Nel corso dei secoli Angera e tutta la provincia di Varese vengono celebrate da scrittori e ricevono le visite di numerosi personaggi di spicco, da Re Umberto I di Savoia a Giuseppe Verdi, da Amilcare Ponchielli ad Arrigo Boito; in tempi più recenti Giosuè Carducci e Matilde Serao erano ospiti habituè dell’Hotel Excelsior di Varese.
Agli inizi del '900 la coltivazione era ancora intensa. I vigneti ricoprono le colline, i poderi danno uve zuccherine che consentono di produrre vini passiti, lasciando gli acini a maturare sui graticci come avviene in Toscana con il Vinsanto. Non è un caso che oggi venga prodotto un “vino muffato” paragonato addirittura al pregiato “Sauternes” Francese.

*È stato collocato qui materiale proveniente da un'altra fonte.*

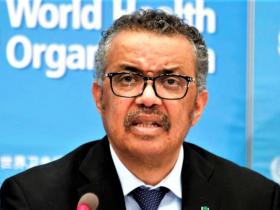 Dr. Tedros Adhanom Ghebreyesus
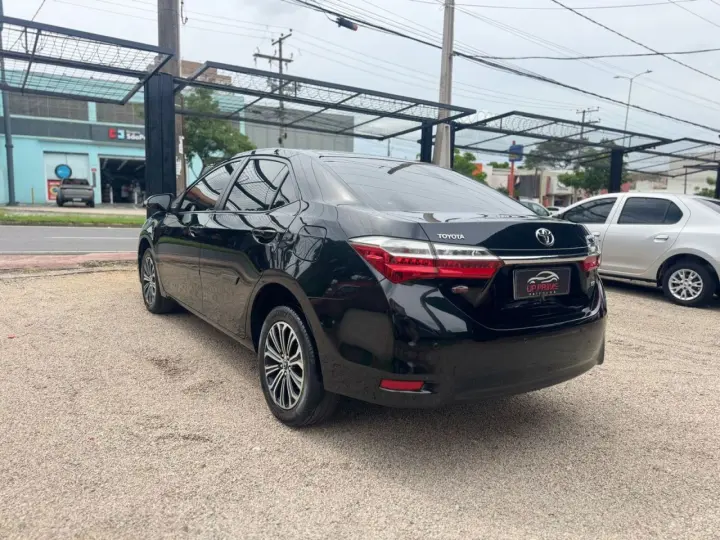 Corolla 1.8 16V 4P GLI FLEX AUTOMÁTICO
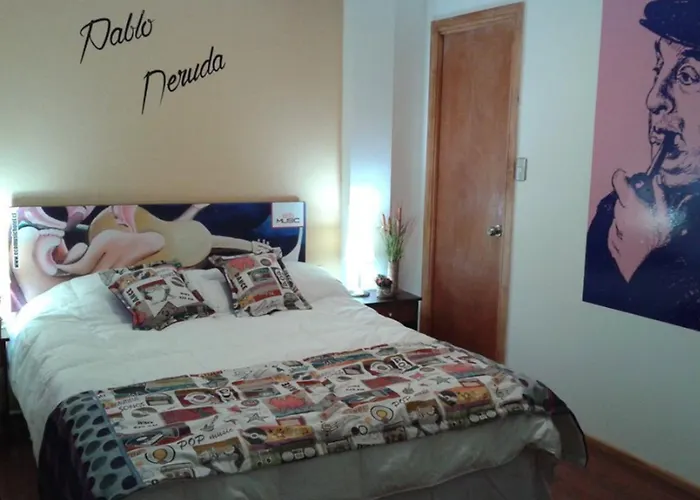 Cheap hotel: Hotel Ecomusic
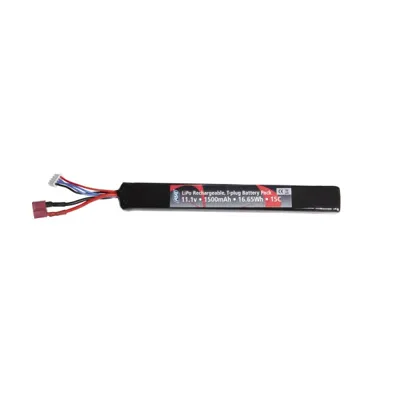 Batterie 11,1V 1500 mAh, Li-Po, 1 Stick Dean - ASG - Action Sport Game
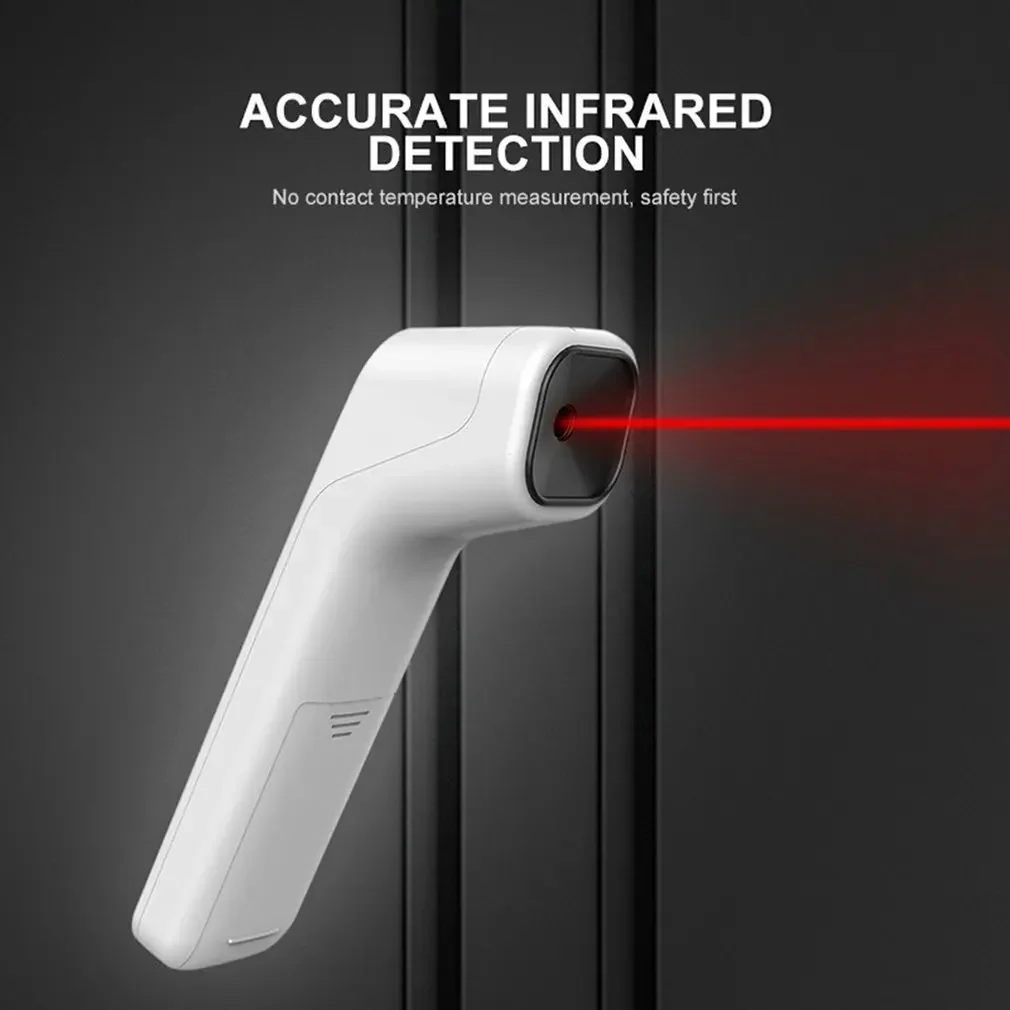 非接触レーザー体温計 耳式体温計 酸素飽和度計 赤外線体温計 - Digital Thermometer Infrared のレビューと価格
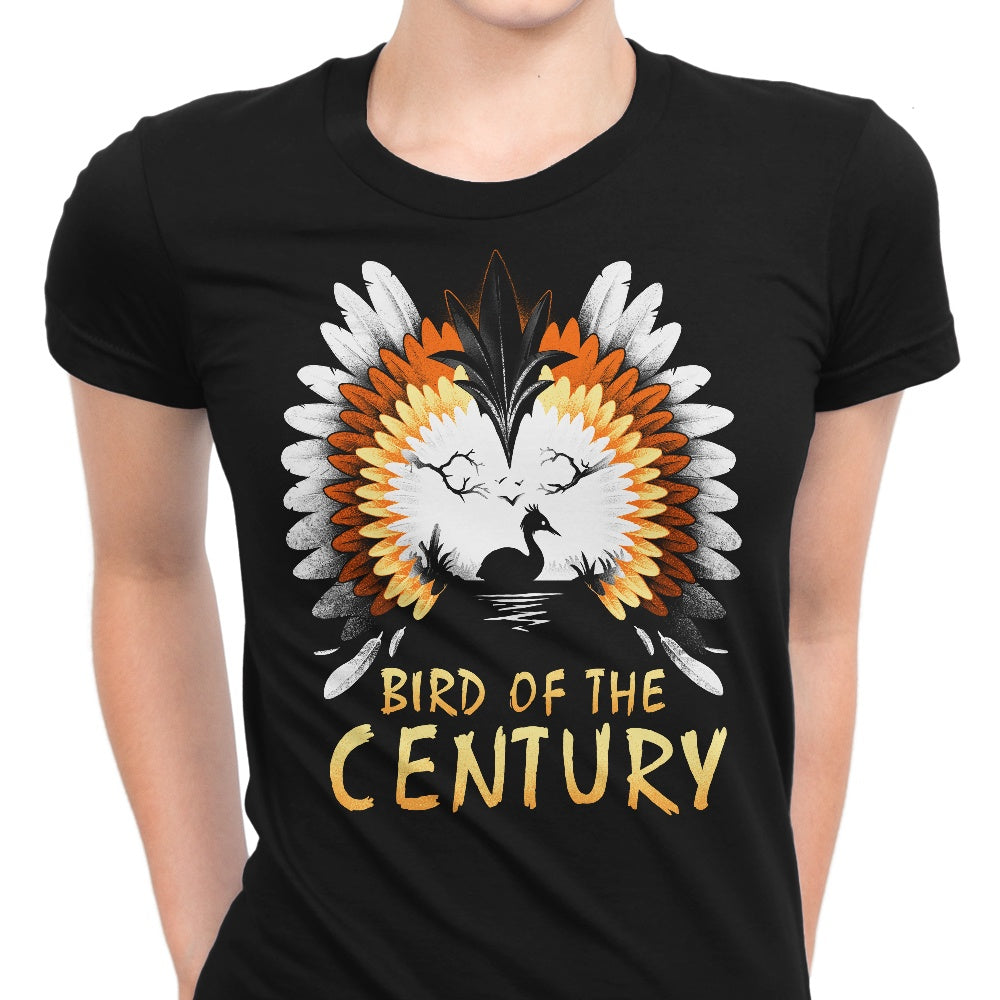 Bird of the Century - Women's Apparel T-Shirts, Hoodie, Sweatshirt | CiraTrend.com (Image 2)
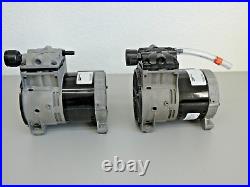 Thomas 7100562 Lab Vacuum Pump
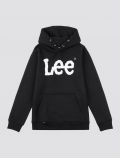 Maglia in felpa Lee - black - 0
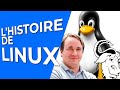 Lhistoire de linux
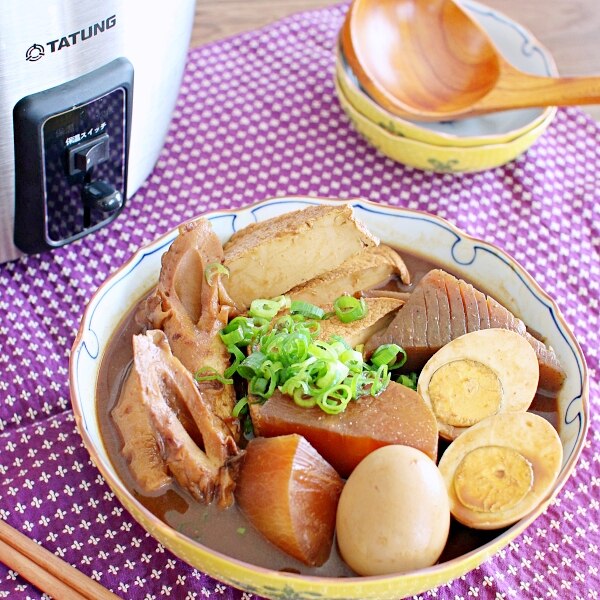 大同電鍋 - [大同電鍋公式レシピ]のレシピ・つくレポ - 楽天レシピ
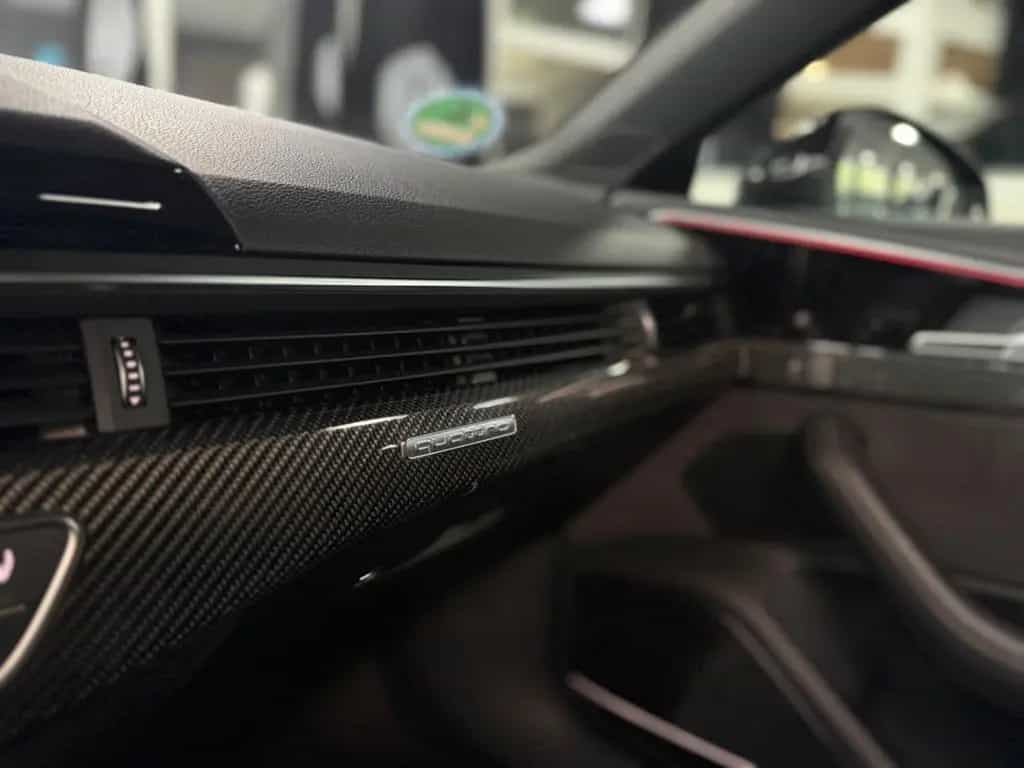 Audi RS5 RS 5 Sportback quattro*Hud*Pano*Carbon 01/2022-photo-22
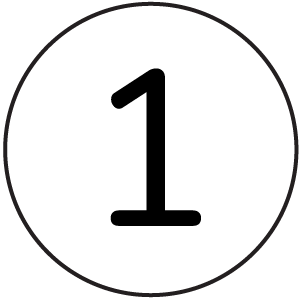1-circle 1-circle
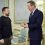 UK: David Cameron makes first official visit to Ukraine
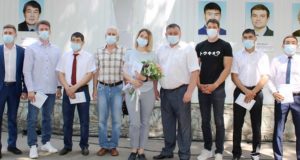 Доску почета «Спортивная честь и слава Горно-Алтайска» обновили в городе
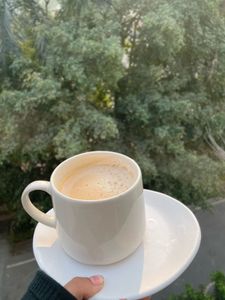 Coffee Cup &amp; Saucer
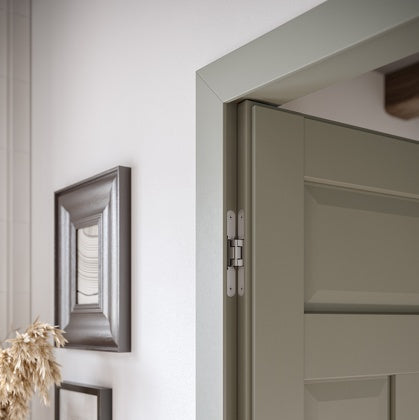 Skrzydło PORTA HARMONY Model A.0 / Oliwkowy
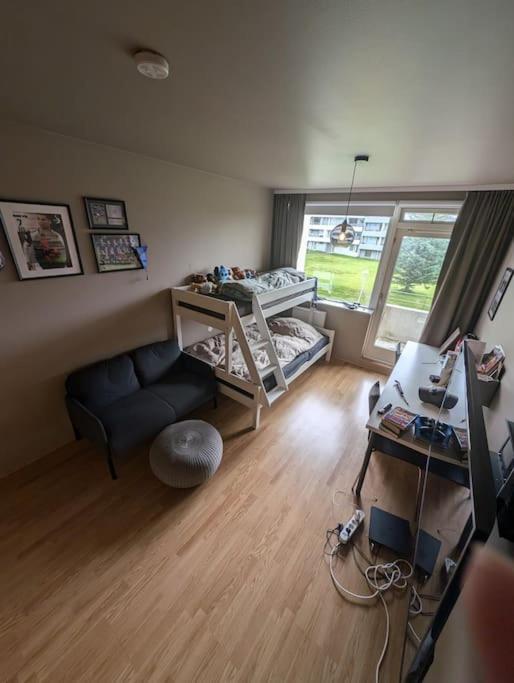 3-bedroom Apartment, Free Parking, Fragrance Free Apartamento *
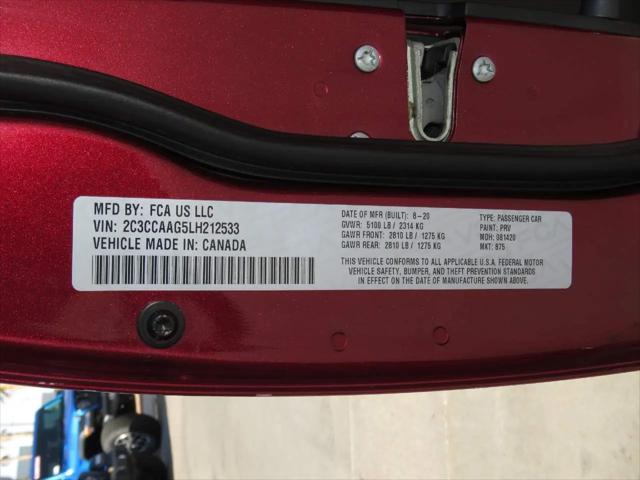 2020 Chrysler 300 Touring L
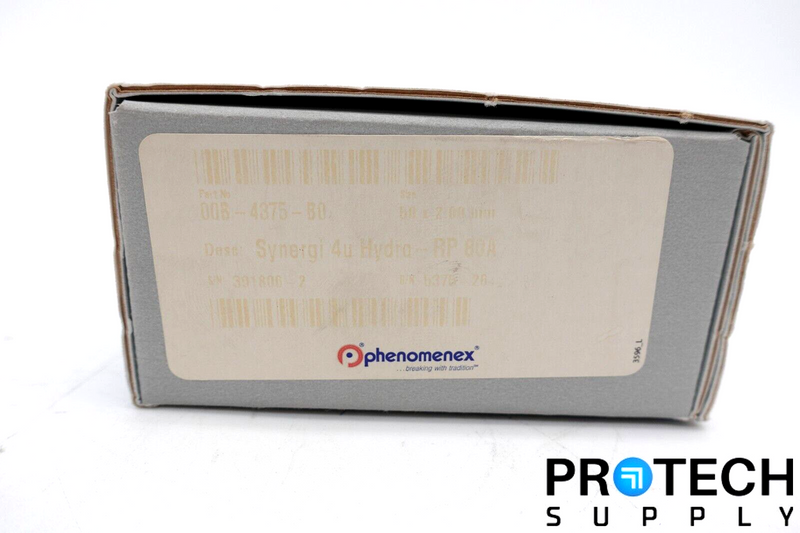 Load image into Gallery viewer, Phenomenex Synergi 4u Polar-RP 80A 00B-4336-B0 NEW with WARRANTY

Gli anni Cinquanta sono il canto del cigno della viticoltura angerese. Poi il boom economico induce i giovani ad abbandonare la faticosa vita in campagna per cercare lavoro nelle grandi industrie sorte nel territorio. Nonostante la fuga dai campi, Luigi Veronelli cita ne “I vini d’Italia” (1961) il Rosso di Angera, vino vivace di colore rosso rubino che tende con l’invecchiamento al mattone, delicato aroma fruttato, sapore franco e rotondo. Lo definisce vino da pasto consigliando il consumo a temperatura ambiente.
Nel 1994 ha inizio una valutazione di quantità e qualità dei vigneti rimasti. I risultati dimostrano che nel solo comprensorio di Angera, Ispra, Taino esistevano almeno 200 ettari di viti diventati boschi e roveti o insediamenti abitativi.
Con la valorizzazione della qualità della vigna e con un buon marketing è stato possibile, negli anni 2000, arrivare ad una nuova età felice della viticoltura angerese.
Queste nuove circostanze hanno permesso ad un gruppo di vignaioli di intraprendere l’iter burocratico per la richiesta di riconoscimento ufficiale della Indicazione Geografica necessaria, a tutti gli effetti, per poter iniziare nuovamente la produzione e la commercializzazione dei vini del basso Lago Maggiore in provincia di Varese.
Il 21 ottobre 2005 viene ufficialmente concessa la IGT (Indicazione Geografica Tipica) Ronchi Varesini che prende il nome dalla caratteristica coltivazione a terrazzamenti, i ronchi appunto, diffusa nel Varesotto fin dai tempi di Carlo Borromeo.